I need some help with choosing and customizing an annotation interface.
I am working with longish (2-10 pages) legal documents. I need to extract names of the parties the contract applies to. The parties are names of corporations. Sometimes there will be a sentence that says something like “This contract is between ACME corporation and Big Industries Inc.” Other times there will be a sentence that says something like “This contract is between ACME corporation and the companies listed in the appendix of this document.” Then in the appendix there will be a bullet list of several company names. I want to be able to churn through a large number of documents and come out with span annotations that look like "This contract is between
ACME corporation and
Big Industries Inc."
This is basically a named entity extraction task, but it is a little non-standard because I’m not trying to extract every company name in the document. There will be some company names that are not parties to the contract. There are contextual cues that allow a human tell the difference, and I need my model to learn those.
I’m running the
ner.teach recipe with seed patterns to find likely company names. There are a couple problems with the default way that Prodigy has me do this annotation task that I’d like to rectify by writing a custom recipe.

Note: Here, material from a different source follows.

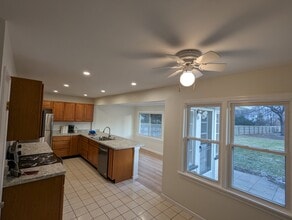 486 Brookview Dr in Irondequoit, NY - Building Photo - Building Photo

- I need to see more than just the default one-sentence context that Prodigy supplies. Entire paragraphs would be helpful. Or maybe even the entire document.
- If we’re looking at just a portion of the document it would be helpful to have an approximate sense of where we are. Something like a line or paragraph number displayed in the Prodigy UI.
- I also need to see the document title when I’m annotating, because that can be very helpful to the annotator.
I think I can change the amount of displayed context in (1) by returning the right kind of
stream object from my custom recipe, but I’m not sure. Is there example code for this?
(2) and (3) are basically metadata: data that should be visible to the annotator that is not part of the literal text. Is this supported by recipes?
Also would the boundaries interface or the new fully manual NER annotation interfaces be better for this task than
ner.teach? Are there example recipes that run these?